By | Thursday, November 27, 2014 Leave a Comment
Although the Hulk was initally conceived as a variation on the Jekyll and Hyde story, the character fairly quickly morphed from an id-driven brute to the green rage-monster most people are familiar with. I think the original concept didn't quite catch on (recall that The Hulk was originally cancelled after six issues) because people had trouble connecting with the idea. Everyone has some level of super-ego that keep their impulses in check. But the idea of getting so angry that you just lash out, I think that's more relatable. You might not actually be able to, and your super-ego might be strong enough to keep that in check, but the desire is still there.

Much of what writers have done with the Hulk, then, is to show the struggle Bruce Banner has keeping from getting angry. The classic line from the TV show hits right on this point: "Mr. McGee, don't make me angry. You wouldn't like me when I'm angry."

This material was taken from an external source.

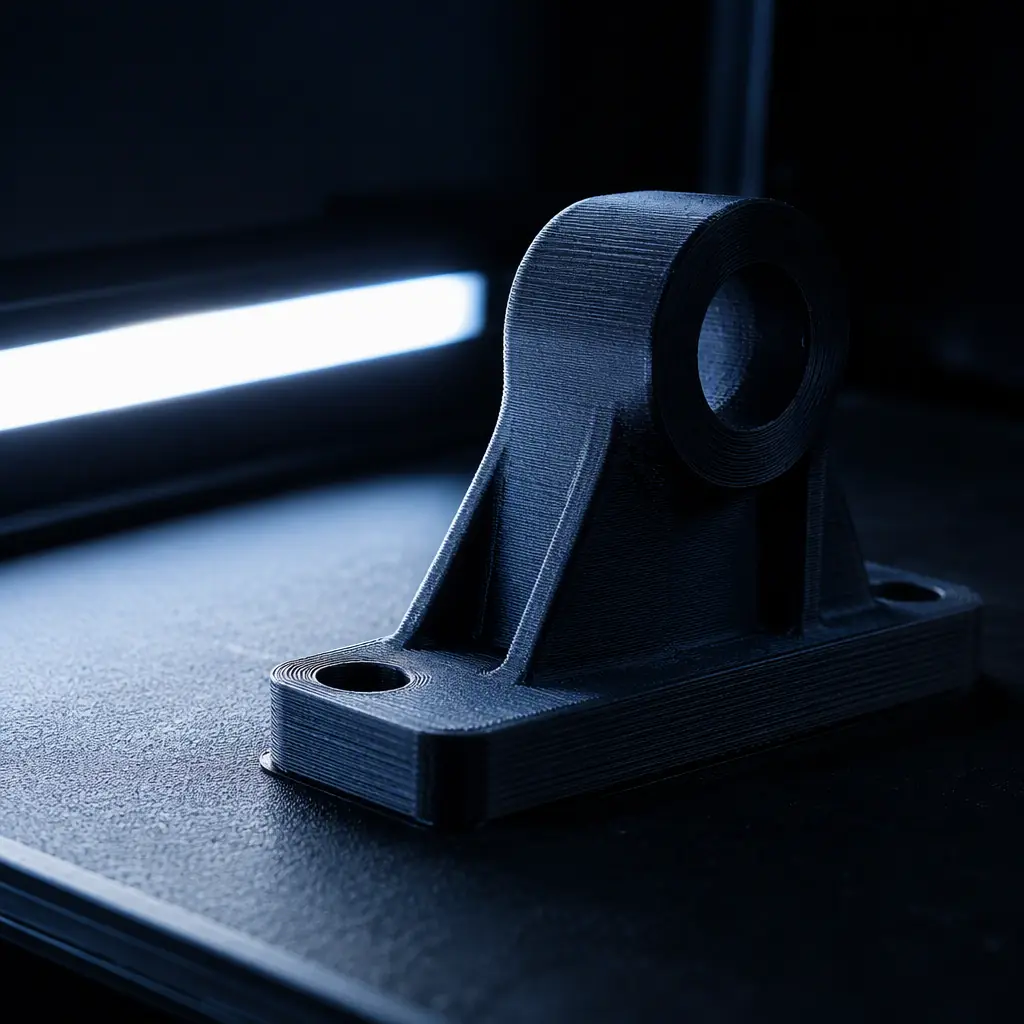 Macro photograph of a 3D printed part on a build plate lit by a low-angle bar light, showing visible layer lines and matte surface texture against a dark background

But it was another line of spoken dialogue that upset a number of fans.
"That's my secret, Cap. I'm always angry."

That implies Banner is always in control of when/where the Hulk shows up. That's not the character as we've seen in the past. That's not the unmitigated unleashing of all your anger and frustration with a defeaning, unintelligble roar.

I was chatting with one of my cousins-in-law a couple months back. He was talking about how he was trying to mentor a younger guy in his early 20s, and they got into a disagreement about something. I forget the specifics, but it amounted to my cousin saying that you can't lose your shit at the drop of a hat or else you'd wind up in prison or shot. This guy responded that there was a lot of things that made him angry. To which my cousin responded that he got angry too. He was angry at the phone company for screwing up his bill. He was angry at the stupid crap some of his co-workers do. He was angry at the guy who cut him off in traffic. He was angry at his local politicians for blocking a ballot measure that his city sorely needed to pass. He was angry at what's been happening in Ferguson. He was angry that the people of Ferguson needed to get tips from activists in Palestinie and Egypt for dealing with out-of-control law enforcement. He was angry that we live in a culture that repeatedly devalues the lives of kids like Trayvon Martin. He was angry that he has to deal racism every single day.

But he can't let that out all the time. He wouldn't be able to hold a job or a secure place to live. It's not that he can't react to all that; he just reacts in a way that's rationable and reasonable. Now, if he were to get into a situation where his life was literally be threatened, that's when it'd be okay to lose your shit. If some redneck picks a fight with him in a bar. If a mugger tries to steal his wallet. You can believe he would defend himself with every bit of adreline he's saved up from the bad day at the office to Ferguson to everything else. That's when and where it'd be okay to use his anger and direct it appropriately.

"That's my secret, Cap. I'm always angry." Bruce Banner said it. Every Black person in America felt it.